Is a writer ever satisfied?
October 30, 2015
IS A WRITER ever satisfied?
Should a writer ever be satisfied?
Or are we destined, or cursed, to spend, or waste, our days in pursuit of a perfection that probably doesn’t exist.
I wake up in the morning with two thoughts on my mind.
Find a better story.
Write a better story.
I remember the one I wrote yesterday.
I wish I’d written it differently.
We’re all on a merry-go-round and trying to grab the gold ring.
We see it.
We know we can reach it.
I’m not sure the gold ring exists either.
During my growing up days, I wanted to be a newspaper reporter.
Chase the sirens.
Chase down a story.
See my words in print.
On a daily newspaper, I could see them in print every day.
So I began my odyssey from small town newspapers in Gladewater, Mount Pleasant, and Plainview to the big one, the Fort Worth Start Telegram.
It had a circulation of more than 230,000 every day.
I had finally made it to where I wanted to be.
There were 230,000 people out there seeing my words in print every day.
I woke up one day and wanted to write press releases.
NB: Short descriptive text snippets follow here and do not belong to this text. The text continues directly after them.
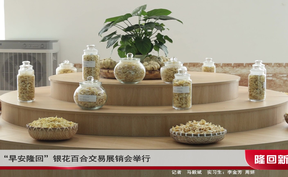 首届“早安隆回”银花百合交易展销会举行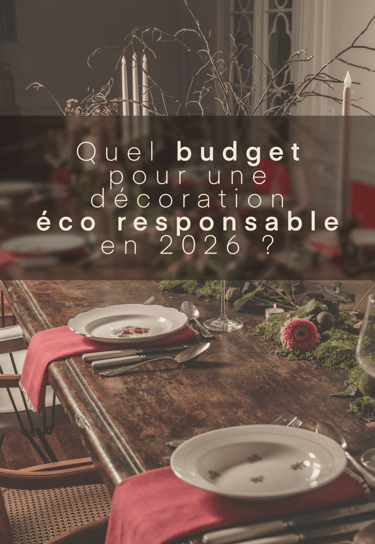 Quel est le budget décoration d’un mariage éco responsable en 2026 ?
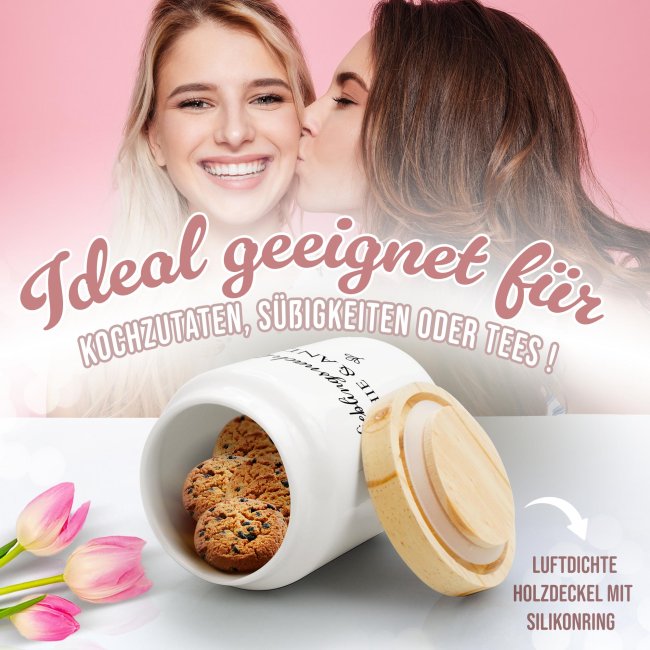 Aufbewahrungsdose - Lieblingsnachbarn - mit Name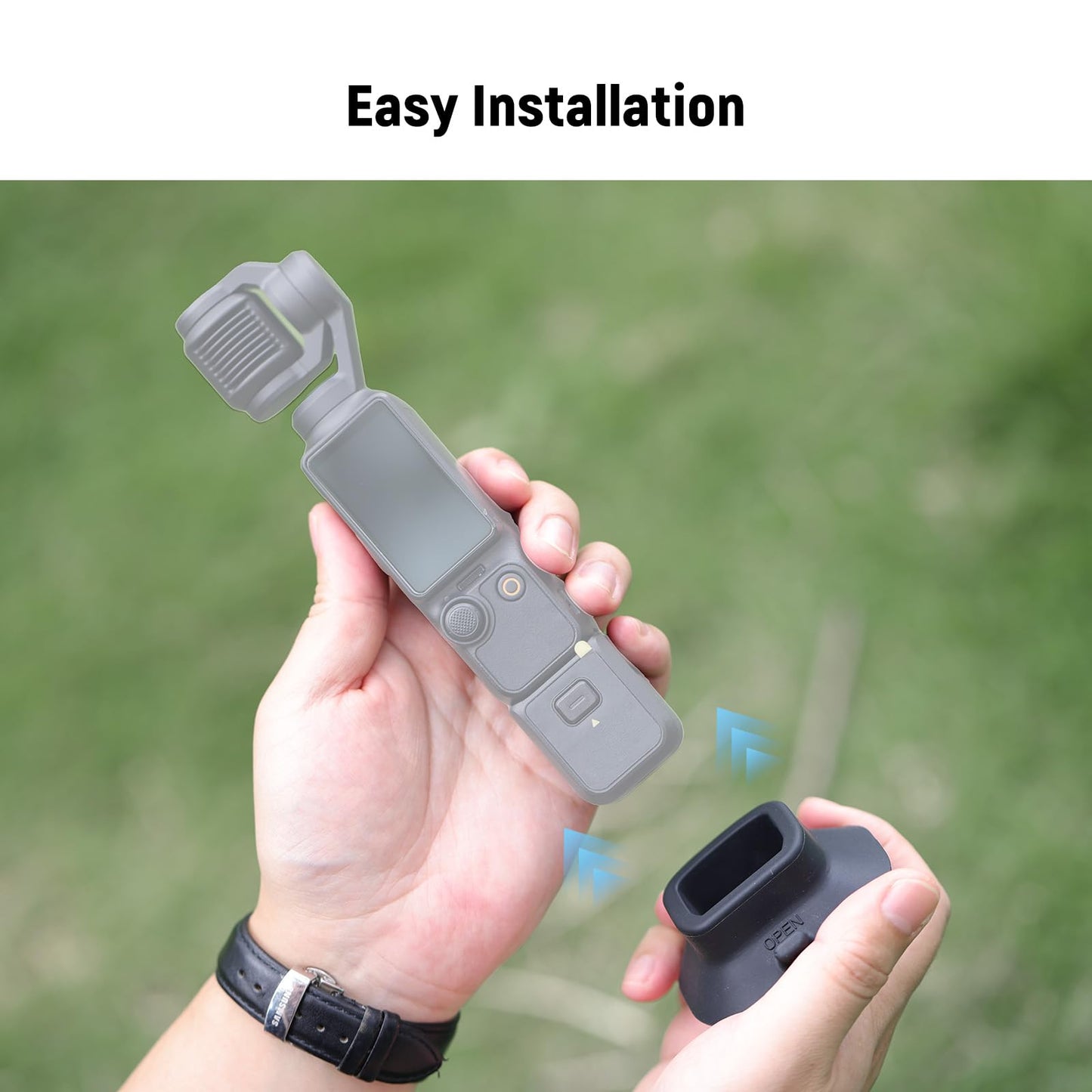 NEEWER Basics AC023 Silicone Holder Base with Suction Cup for Pocket 3, Table Camera Holder ø64 mm Non-Slip Soft Stable, Accessory Compatible with DJI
The stories weren’t as good.
The pay was better.
So I said goodbye to the daily grind of a daily newspaper and became the chief of media relations for the Texas Tourist Development Agency.
Title sounded impressive.
All I did was write glowing press releases about the travel destinations of Texas.
After a while, they all sounded alike.
So I looked around and decided I wanted to write for slick, four-color magazines.
I left Texas.
I woke up in Alabama.
And I was writing for Southern Living Magazine.
It would become the hottest regional magazine in America with a circulation topping two million.
It couldn’t get any better.
More than two million people were seeing my name in print every month.
I should have been satisfied.
Now I wanted to write books.
So I wrote three for Southern Living.
My printed words were in bookstores and libraries.
Could it get any better?
I hoped so.
I wandered back to Texas and went to work for a custom publishing company, writing more than fifty books in the twenty-five years I was there.
There were my words encased in hardback books.
We sold millions.
I should have been happy.
But, no, I wanted to write fiction.
I wanted to write novels.
So now I’m writing novels.
Wrote a western.
I wanted to write a mystery.
Wrote a mystery.
I wanted to write a thriller.
Wrote a thriller.
I didn’t want to write so dark.
So here I am, and I’m probably no different from any other writer.
I love the book I write today.
I won’t like it tomorrow.
I think I can do better.
I damn well ought to do better.
I don’t even know why I wrote it that way in the first place.
I’m never satisfied.
I believe that when writers are satisfied with the books they have just produced, they have written their last books.
Take a look at this blog.
I’ve said what I wanted to say.
But even now, I wish I had written it differently.